The purpose of this study is to explore the dual solutions of an unstable three-dimensional flow and quadratic radiative heat transfer involving a tri-hybrid nanofluid over a rotating shrinking disk, considering the influence of a Darcy–Forchheimer porous medium, an external magnetic field and heat source/sink. The tri-hybrid nanofluid is developed by dispersing molybdenum disulfide (MoS2), silicon dioxide (SiO2) and graphene oxide (GO) into a water (H2O) base fluid.

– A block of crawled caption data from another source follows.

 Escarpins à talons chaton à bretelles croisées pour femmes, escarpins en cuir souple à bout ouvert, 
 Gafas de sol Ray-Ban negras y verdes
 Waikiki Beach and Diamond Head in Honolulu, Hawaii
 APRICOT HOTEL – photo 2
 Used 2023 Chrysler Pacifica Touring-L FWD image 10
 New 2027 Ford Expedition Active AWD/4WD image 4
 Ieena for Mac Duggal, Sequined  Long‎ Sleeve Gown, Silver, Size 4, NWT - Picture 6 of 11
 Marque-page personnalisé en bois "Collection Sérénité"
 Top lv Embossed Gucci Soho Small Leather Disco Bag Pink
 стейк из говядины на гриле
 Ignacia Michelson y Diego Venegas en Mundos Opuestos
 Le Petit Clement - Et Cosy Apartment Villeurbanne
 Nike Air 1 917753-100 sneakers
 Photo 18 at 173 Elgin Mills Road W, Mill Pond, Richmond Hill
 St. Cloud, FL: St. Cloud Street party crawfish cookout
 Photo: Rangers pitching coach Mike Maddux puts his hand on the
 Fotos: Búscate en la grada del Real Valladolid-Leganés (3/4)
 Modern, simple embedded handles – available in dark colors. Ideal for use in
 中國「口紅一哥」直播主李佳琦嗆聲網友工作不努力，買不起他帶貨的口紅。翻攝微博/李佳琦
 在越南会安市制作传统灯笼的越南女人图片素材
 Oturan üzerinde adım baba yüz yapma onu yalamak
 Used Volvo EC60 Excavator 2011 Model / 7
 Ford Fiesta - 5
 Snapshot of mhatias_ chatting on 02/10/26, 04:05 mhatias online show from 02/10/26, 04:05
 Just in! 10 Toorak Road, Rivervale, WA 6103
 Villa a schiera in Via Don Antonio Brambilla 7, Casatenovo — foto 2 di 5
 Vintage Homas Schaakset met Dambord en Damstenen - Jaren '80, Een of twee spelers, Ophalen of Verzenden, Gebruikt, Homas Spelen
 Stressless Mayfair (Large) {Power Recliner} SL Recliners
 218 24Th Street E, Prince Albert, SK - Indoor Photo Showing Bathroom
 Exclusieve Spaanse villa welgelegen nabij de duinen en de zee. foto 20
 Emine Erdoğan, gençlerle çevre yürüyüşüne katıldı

Similarity transformation is employed to reduce the governing partial differential equations to a system of nonlinear ordinary differential equations, which are solved numerically using MATLAB’s bvp4c solver. The analysis reveals multiple solutions (upper and lower branch solutions) for the similarity equations. The effects of various parameters on radial and azimuthal velocity, temperature, radial and azimuthal skin friction and the Nusselt number are analyzed through comprehensive tables and figures. Stability analysis confirms that the lower branch solutions are unstable, where as the upper branch solutions are stable and practically realizable. An increase of 1% in the overall nanoparticle volume fraction leads to maximum increases of 2.94% in radial skin friction, 3.10% in azimuthal skin friction and 1.99% in the Nusselt number. The study also highlights improvements in heat transfer rates driven by quadratic thermal radiation, unsteady radial shrinkage and Biot number effects. In addition, velocity slip and magnetic field parameters significantly influence radial and azimuthal velocity profiles. Entropy production increases with quadratic radiation, magnetic field and porous medium characteristics. Notably, the opposing trends observed in the lower-branch solutions are generally more pronounced than in the upper-branch solutions.
The findings underscore the potential of tri-hybrid nanofluids in industrial and electrical applications, mainly as heat transfer fluids in rotating machinery, gas turbine rotors and air purification systems.
The novelty of this work lies in the inclusion of quadratic thermal radiation and a heat source/sink, which significantly enhance the thermal conductivity and heat transfer properties of the base fluid, offering potential improvements for heat exchange systems.